I recently (January 2025) published a chapter in Jaime Banks’ Android, Assembled: The Explicit and Implicit Anatomy of Social Robots published by Peter Lang.
The chapter explores how imbuing robots with tactile qualities meant to facilitate more meaningful social interactions often perpetuates normative notions of care, labor, and gender, reinforcing existing relationships of power.

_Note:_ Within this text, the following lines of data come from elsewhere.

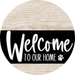 Welcome To Our Home Sign Dog Black Stripe White Wash Decoe-3846-Dh 18 Wood Round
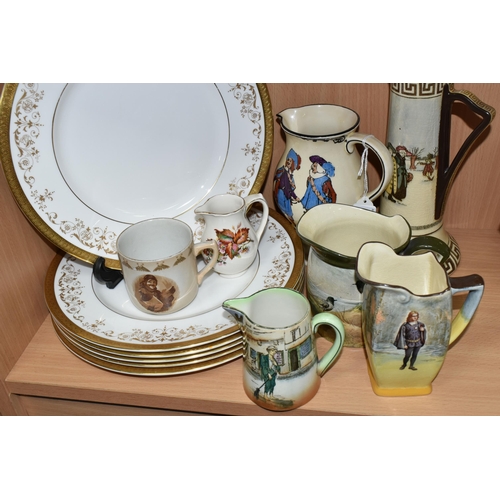 401 - A GROUP OF ROYAL DOULTON, comprising a Souvenir of the Great War cup, six, mostly series ware, jugs:... 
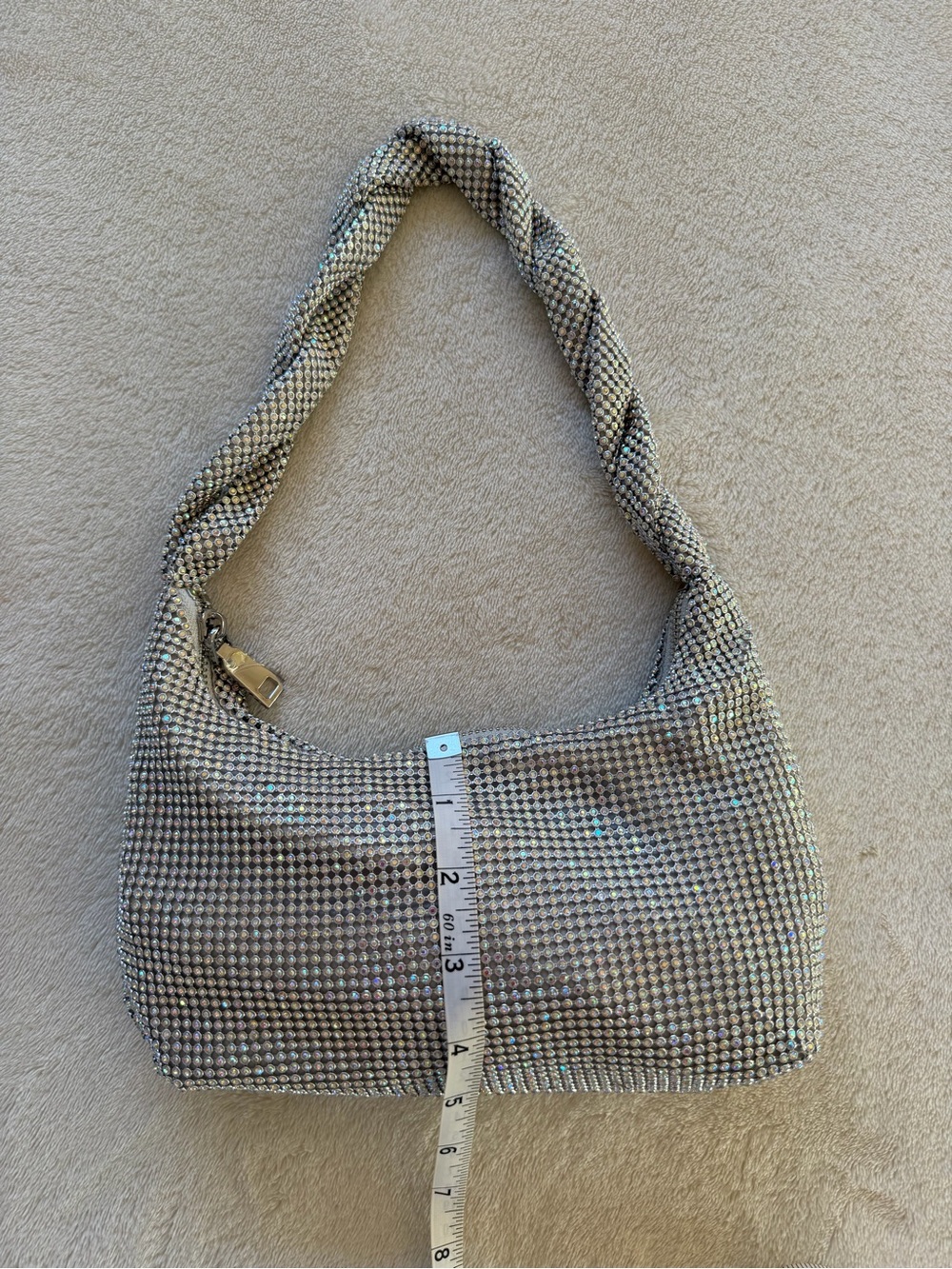 Silver Crystal-Embellished Women's Shoulder Bag - Picture 6 of 8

If you do not have access to the edited collection and would like a copy of my chapter, please reach out. Here is a pre-print copy of the introduction paragraphs:
Tactility & Texture: Embrace at the Interface
In 2005, roboticists from MIT’s Media Lab presented research from their Robotic Life Group based at an international conference (Stiehl & Breazeal, 2005; Stiehl et al., 2005). . They argued that developers of robotics systems, which at that point had primarily been built for industrial settings, had largely focused on object manipulation. This meant little attention had been paid to how robotic systems might interact with human users. In particular, tactile sensors were only considered for grips that manipulated objects, and failing to consider how robots might physically feel to humans. The researchers argued that touch plays a vital role in supporting companionship and had potential health benefits as well—claims backed up by empirical research into human-human touch (Fields, 2001) and human-animal touch (Ballarini, 2003). The researchers developed Huggable, a robot that looked like a stuffed teddy bear, to address the lacuna of research on the affective, relational, and health impacts of human-robot interaction. Huggable was also meant to fill a technical gap left by other popular social robots at the time, including Paro and AIBO. As the authors pointed out, the seal-like Paro and dog-liked AIBO had limited touch sensors located only in certain parts of their bodies while Huggable included sensors over its entire body and the ability to actively “touch back through nuzzling, hugging, and other communicative touch behaviors” (Stiehl et al., 2005, p. 408).
The name Huggable evokes a desire to explore the affective (psychophysical, social, and cultural foundations related to feelings and emotions) and relational dimensions of social robots as touch oriented. After all, what could be more social than a hug? What Huggable represented was an early attempt to understand how touch matters in human-robot interactions that take seriously the issues of tactility and texture. Attempts to develop technical systems of touch for social robots and research to determine the social implications of these systems constitutes a growing area of academic and commercial inquiry, but it still lags behind technical and social research in areas related to visual, verbal, and auditory communication. Despite advances related to the technical features and social implications of touch for social robots, most studies focus on affective, relational, and health dimensions first articulated in the Robotic Life Group’s research. While questions about how touch matters in these areas matter and should be expanded, there are provocative issues to explore regarding the texture and tactility of social robots that go beyond personal and interpersonal effects—issues that intersect around care, labor, gender, and power, to name a few.